39
A
回答
8
在Mac上,有webkit2png,在Linux + KDE上,您可以使用khtml2png。我试过前者,效果很好,听说后者正在使用。
我最近遇到了QtWebKit,它声称是跨平台的(Qt将WebKit放入他们的库中,我想)。但我从来没有尝试过,所以我不能告诉你更多。
QtWebKit链接显示了如何从Python进行访问。你应该至少可以使用子进程对其他进程做同样的事情。
0
你不提你在运行什么样的环境,这使得一个很大的不同,因为没有一个纯Python Web浏览器是能够呈现HTML的。
但是,如果您使用的是Mac,我已经使用webkit2png,并取得了巨大成功。如果没有,正如其他人指出的那样,有很多选择。
5
我不能评论ars的答案,但我实际上得到Roland Tapken's code运行使用QtWebkit,它工作得很好。

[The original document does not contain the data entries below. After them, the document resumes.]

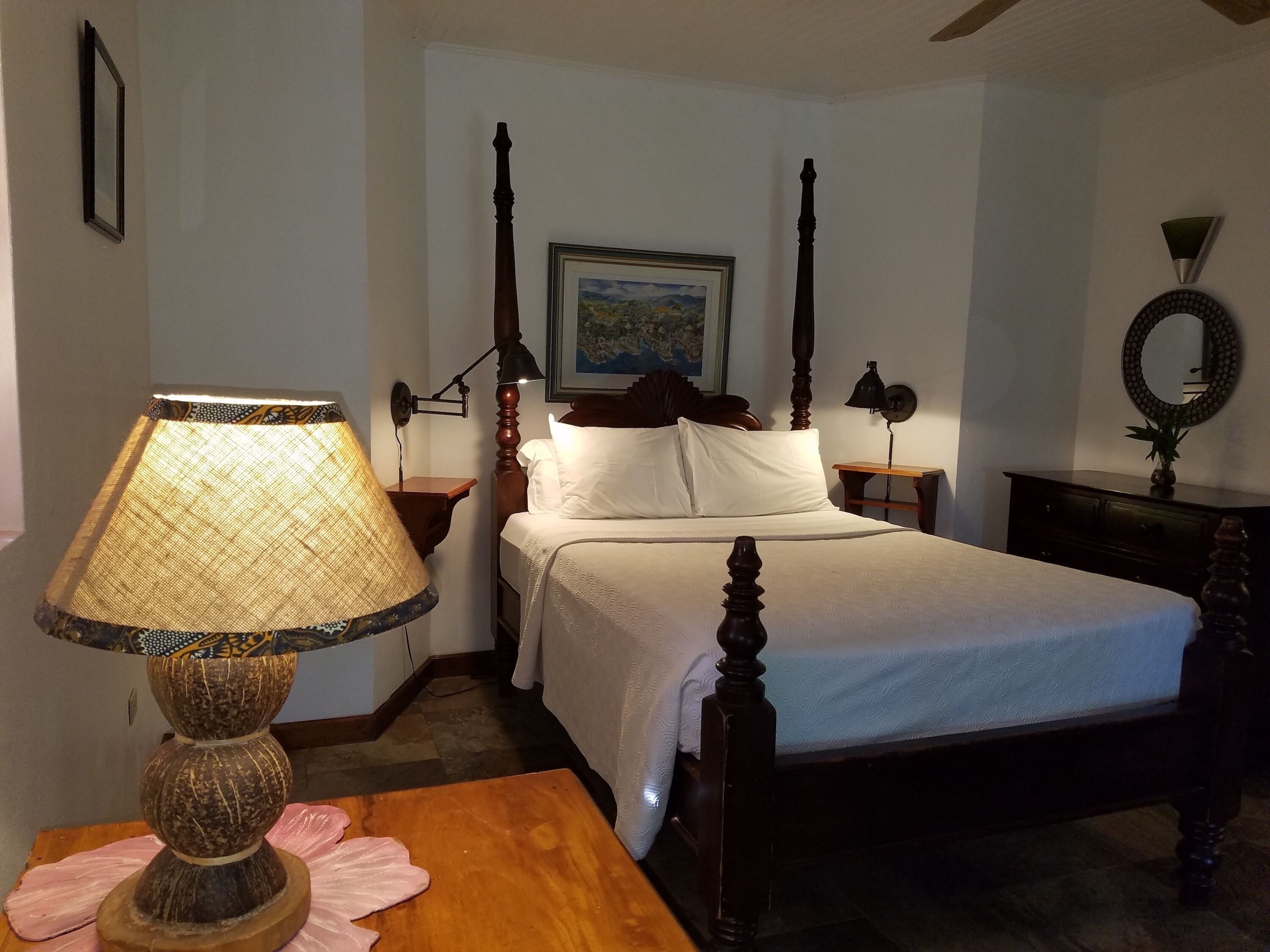 A bedroom with a four-poster bed, a bedside lamp, a framed painting on the wall, and a wooden dresser.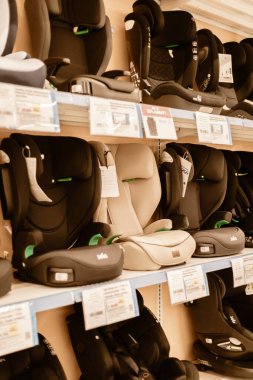 Chemnitz, Almanya - 14 Mart 2026: Bir mağazadaki raflarda farklı araba koltukları düzenlenmiştir. Etiketler her koltuk için bilgi ve fiyat sağlıyor. Müşteriler çocuk güvenliği seçeneklerini gözden geçirir.
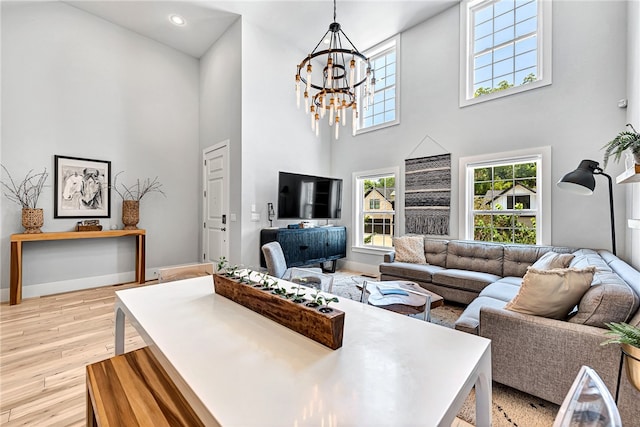 living room with a notable chandelier, a high ceiling, and light hardwood / wood-style floors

只想确认Roland在他的博客上发布的内容在Ubuntu上的效果如何。我们的产品版本最终没有使用他写的任何东西,但我们使用的PyQt/QtWebKit绑定取得了很大的成功。
38
这里有一个简单的解决方案使用的WebKit: http://webscraping.com/blog/Webpage-screenshots-with-webkit/
import sys
import time
from PyQt4.QtCore import *
from PyQt4.QtGui import *
from PyQt4.QtWebKit import *
class Screenshot(QWebView):
def __init__(self):
self.app = QApplication(sys.argv)
QWebView.__init__(self)
self._loaded = False
self.loadFinished.connect(self._loadFinished)
def capture(self, url, output_file):
self.load(QUrl(url))
self.wait_load()
# set to webpage size
frame = self.page().mainFrame()
self.page().setViewportSize(frame.contentsSize())
# render image
image = QImage(self.page().viewportSize(), QImage.Format_ARGB32)
painter = QPainter(image)
frame.render(painter)
painter.end()
print 'saving', output_file
image.save(output_file)
def wait_load(self, delay=0):
# process app events until page loaded
while not self._loaded:
self.app.processEvents()
time.sleep(delay)
self._loaded = False
def _loadFinished(self, result):
self._loaded = True
s = Screenshot()
s.capture('http://webscraping.com', 'website.png')
s.capture('http://webscraping.com/blog', 'blog.png')
33
下面是从各种渠道帮助抓住我的解决方案。它需要完整的网页屏幕截图,并裁剪(可选),并从裁剪后的图像生成缩略图。以下是要求:安装的NodeJS
- :
要求
npm -g install phantomjs
- 安装硒(在你的virtualenv,如果你正在使用)
- 安装imageMagick
- 将幻影添加到系统路径(在窗口中)
import os
from subprocess import Popen, PIPE
from selenium import webdriver
abspath = lambda *p: os.path.abspath(os.path.join(*p))
ROOT = abspath(os.path.dirname(__file__))
def execute_command(command):
result = Popen(command, shell=True, stdout=PIPE).stdout.read()
if len(result) > 0 and not result.isspace():
raise Exception(result)
def do_screen_capturing(url, screen_path, width, height):
print "Capturing screen.."
driver = webdriver.PhantomJS()
# it save service log file in same directory
# if you want to have log file stored else where
# initialize the webdriver.PhantomJS() as
# driver = webdriver.PhantomJS(service_log_path='/var/log/phantomjs/ghostdriver.log')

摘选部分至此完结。